Poema e Música Regresso (1).ppsx

  • 1.
  • 3. A noite é de um silêncio puro e irreal como o prenúncio de uma tormenta. Não sopra a mais leve brisa e uma cálida mansidão invade os espectros dos navios fundeados na baía do porto.
  • 4. Até as ondas calaram o seu murmúrio quando subitamente o vulto místico da Eurídice liberta das grades do seu submundo desce às ruas desertas de vida e bate ansiosamente às portas à procura do seu amado Orfeu.
  • 5. Surpreso ensaio o verbo do meu espanto e a minha voz soa como o vagido da flor que se abre à luz da vida. Nisto um som de violino surge do nada e invade a noite morna derramando a convulsão das suas cordas ora em suave gemido de uma alma sofrida ora em súplica de coração ardente.

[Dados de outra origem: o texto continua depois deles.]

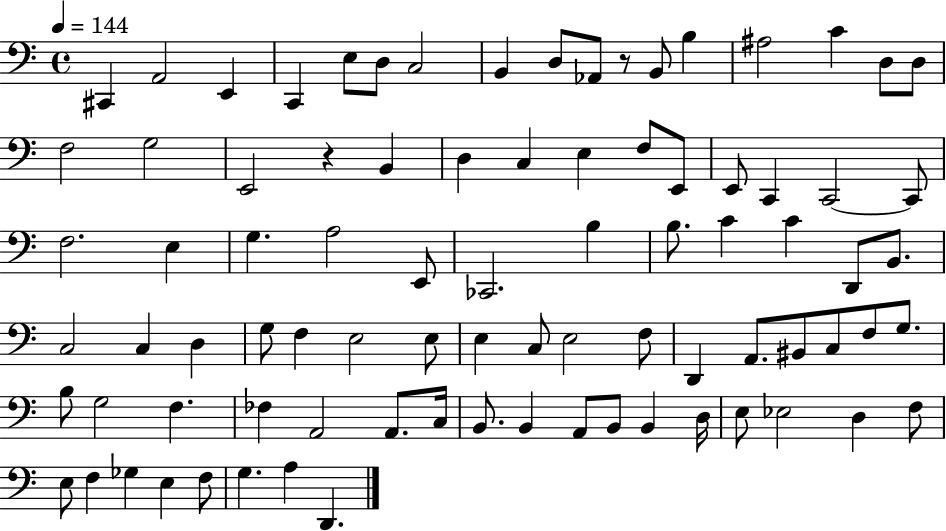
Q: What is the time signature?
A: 4/4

  • 6. Submissa a noite explode de emoção e o violino ignora o meu grito: – Ó alma virtuosa espera um instante deixa-me subir ao terraço da infância para regressar ao velho lençol de linho onde me enrolei a ouvir o vento e a namorar o rosto terno da lua! – Quero aliviar a mágoa pelos silêncios a que não dei voz e pelas vozes que não me responderam!
  • 7. Mas a serenata prossegue ininterrupta inundando-me com o seu feitiço e o meu ser voa silenciosamente e entra na espessura da noite como um pirilampo vogando ao acaso à descoberta do infinito.
  • 8. Até que o violino suspende o meu devaneio e imploro com veemência: – Ó mágico violino, bálsamo da vida, poupa as tuas lágrimas e as tuas penas que a saudade é já só um eco remoto a morrer nas tuas finas cordas! Penitencio-me do pecado da longa ausência e rendo-me à plangência da tua melodia!
  • 9. Contudo o violino não me ouve porque o seu mundo é incorpóreo e o seu destino é apenas conquistar corações. Entretanto raia a aurora e tudo se extingue em misteriosa alternação de sombra e luz com a música já em dolentes acordes de despedida.
  • 10. Acabei de viajar à origem das coisas encantado por uma música sublime que me levou aos confins da memória. Vou partir. Irei aos primeiros alvores do dia com mágoa de não ter decifrado o mistério da noite enfeitiçada.
  • 11. Nota explicativa: Foi em 2003 que ouvi pela primeira vez e ao vivo a composição “Regresso”, quando o seu autor, o músico Rufino Almeida, mais conhecido por Bau, actuava na esplanada de um hotel na cidade portuária do Mindelo. Tanto apreciei a melodia que ela me inspirou uma reacção poética, tocado pela graça do tema musical, de extraordinária beleza e soberba interpretação. Ela fez-me viajar aos confins da minha memória mais longínqua, onde reside uma saudade em que se amalgamam porções de mistério, remorso e encantamento. Reduzi o tempo a uma única dimensão, prendendo-o ao momento presente e acrescentando-lhe o que permanecia incólume no meu imaginário, refúgio de sonhos e ideais. Os anacronismos sentimentais que alimentam a nossa saudade podem assumir as formas mais variadas, mas o seu fundo motivacional é o mesmo. O problema é que a própria idealização desconstrói os nossos mitos quando nos confrontamos com a realidade nua e crua. E é por isso que raramente encontramos o que idealizamos.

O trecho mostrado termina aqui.